--- EXERCISE AIM ---
Beginning at the line that contains "Anzeige von Karin Block-Erler von MGO", reproduce the entries below exactly, ending with the line that contains "Square Persian Yellow". Omit each picture.

--- GIVEN RECORDS ---
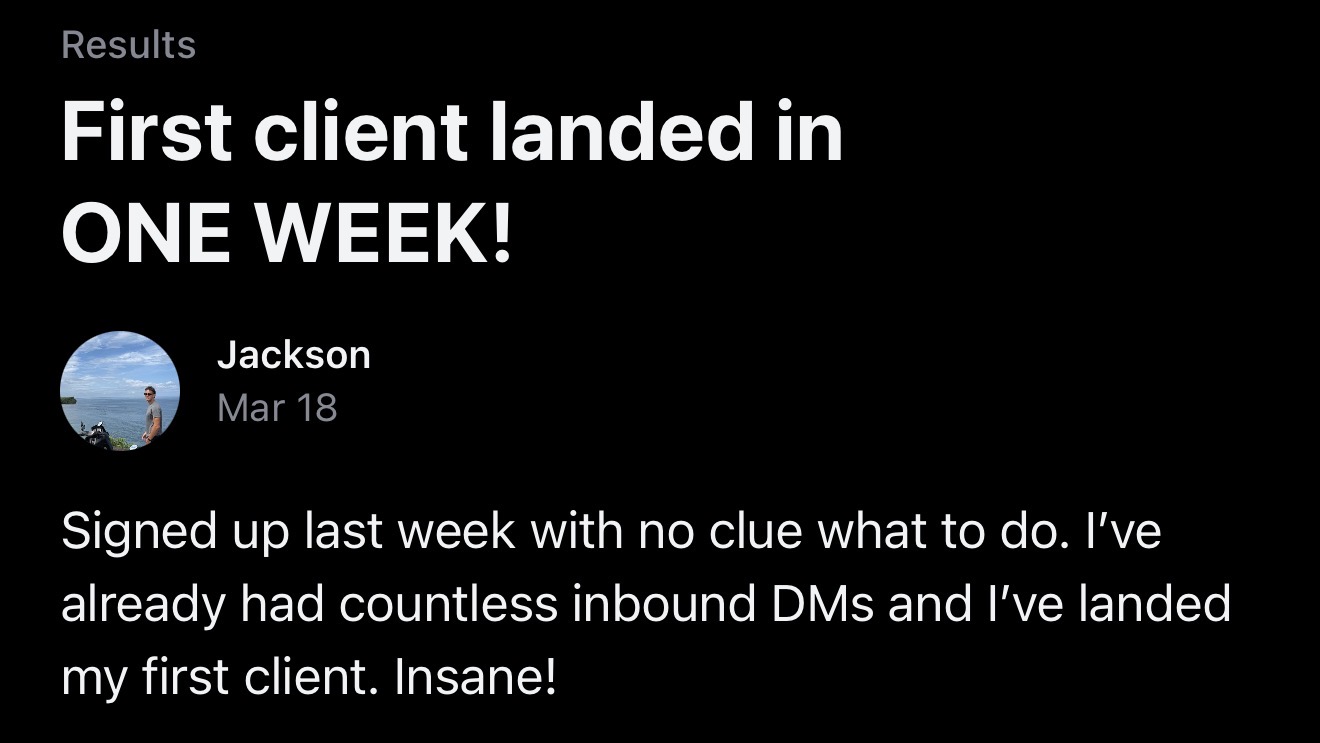 Client win: first client landed in one week
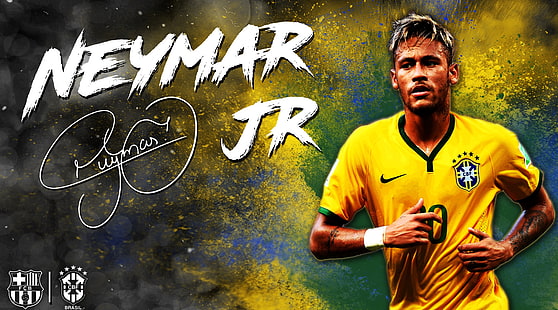 Neymar Jr. Barcellona, ​​Brasile, carta da parati autografata Neymar Jr., Sport, Calcio, Sfondo HD HD wallpaper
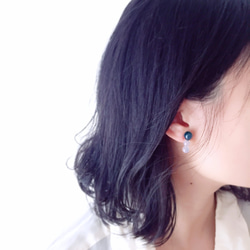 Stylish gemstone stud earrings｜Forest Green｜Clip-on 2枚目の画像
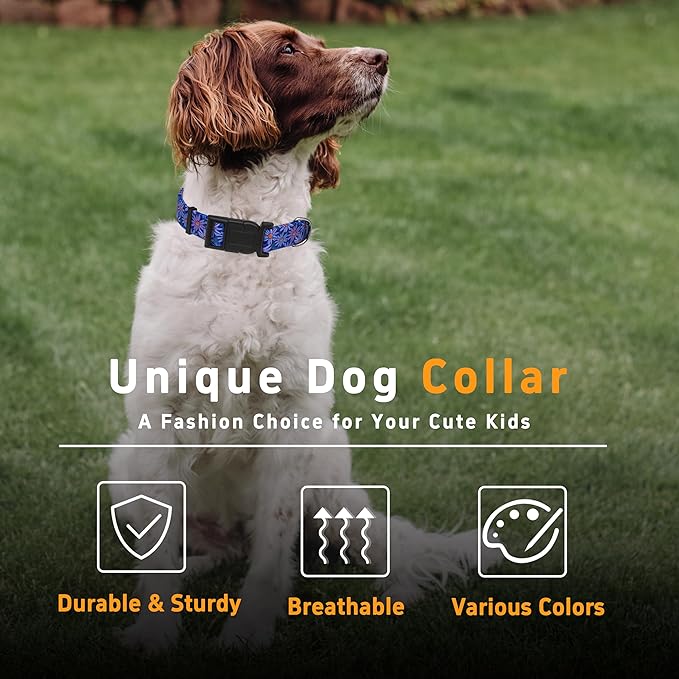 Dog Collar, Classical Indian Spirit Boys Girls Puppy Collar for Small Medium Large Dogs, Adjustable Soft Indian Pet Collar with Safety Buckle for Male Females(Purple,S)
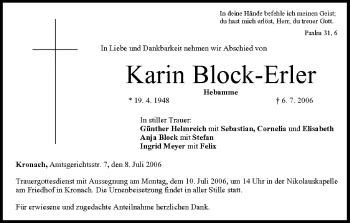 Anzeige von Karin Block-Erler von MGO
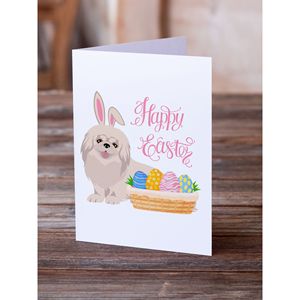 Whimsical A7 tamaño 5x7 blanco pequinés tarjetas de felicitación de Pascua Paquete de 8 tarjetas de nota en blanco con sobres - Product Image 2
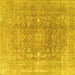 Square Persian Yellow Traditional Rug, tr3704yw
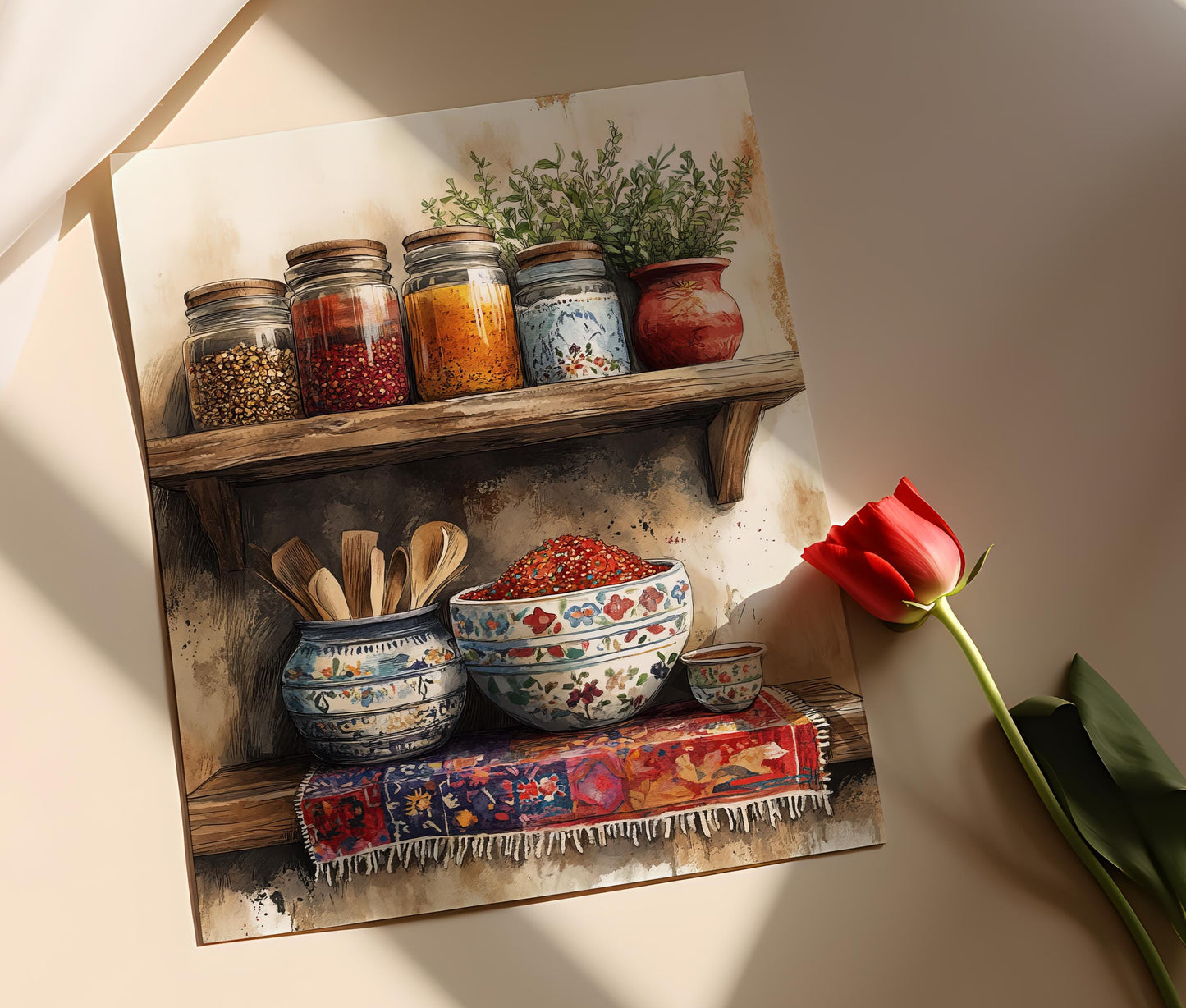 Affiche Épices Iraniens Rustiques – Art Print Décor de Cuisine Traditionnelle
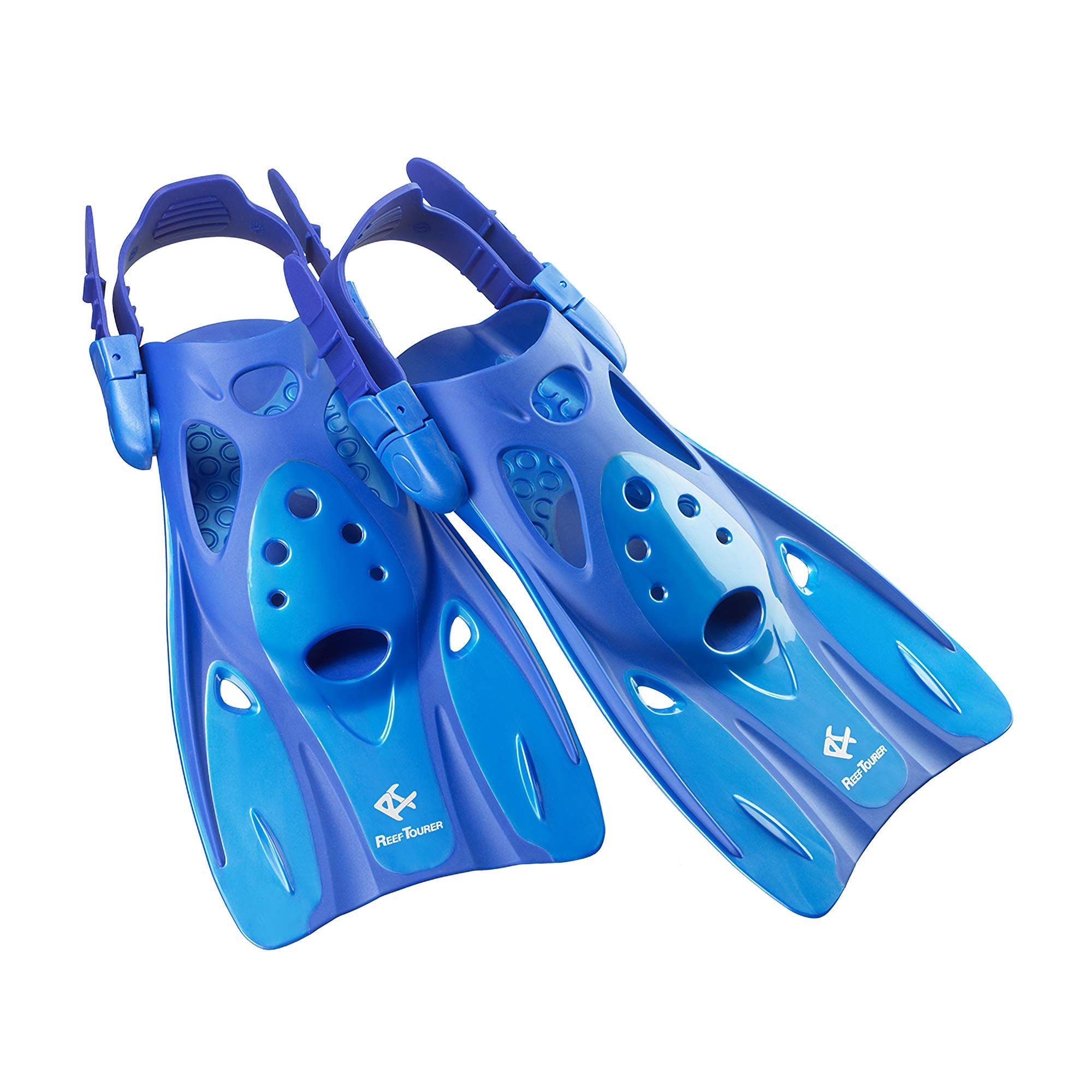 

REEF TOURER Snorkeling Fins, Strap Fins, Blue, Large, RF0106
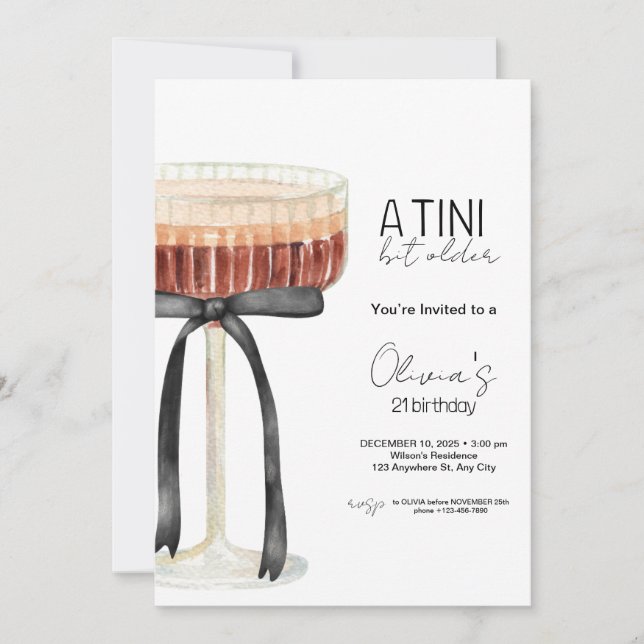 A Tini Bit Older Birthday Invitation (Devant)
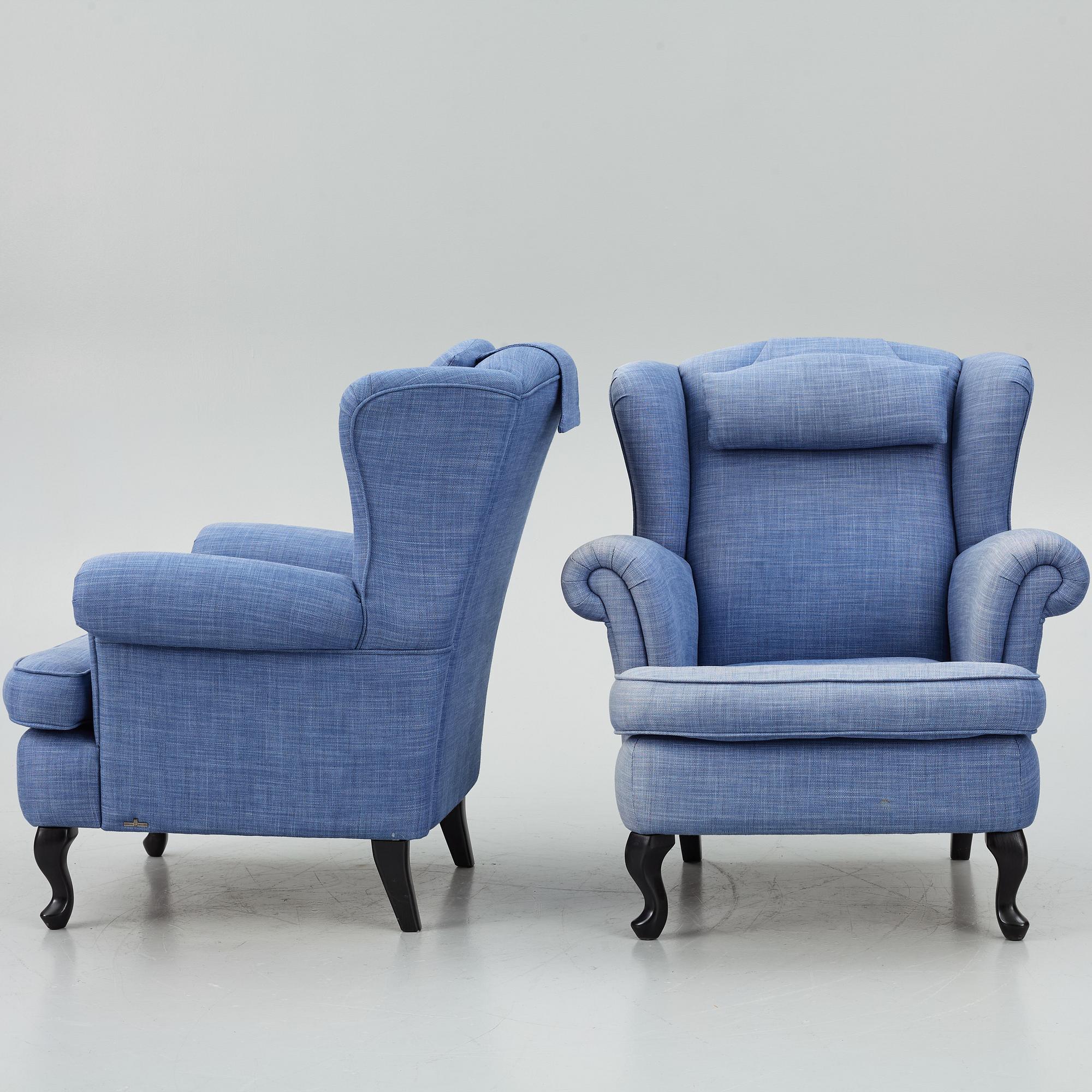 Fåtöljer ett par, med fotpallar, Bröderna Andersson.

--- REPLY ---
 Anzeige von Karin Block-Erler von MGO
 Whimsical A7 tamaño 5x7 blanco pequinés tarjetas de felicitación de Pascua Paquete de 8 tarjetas de nota en blanco con sobres - Product Image 2
 Square Persian Yellow Traditional Rug, tr3704yw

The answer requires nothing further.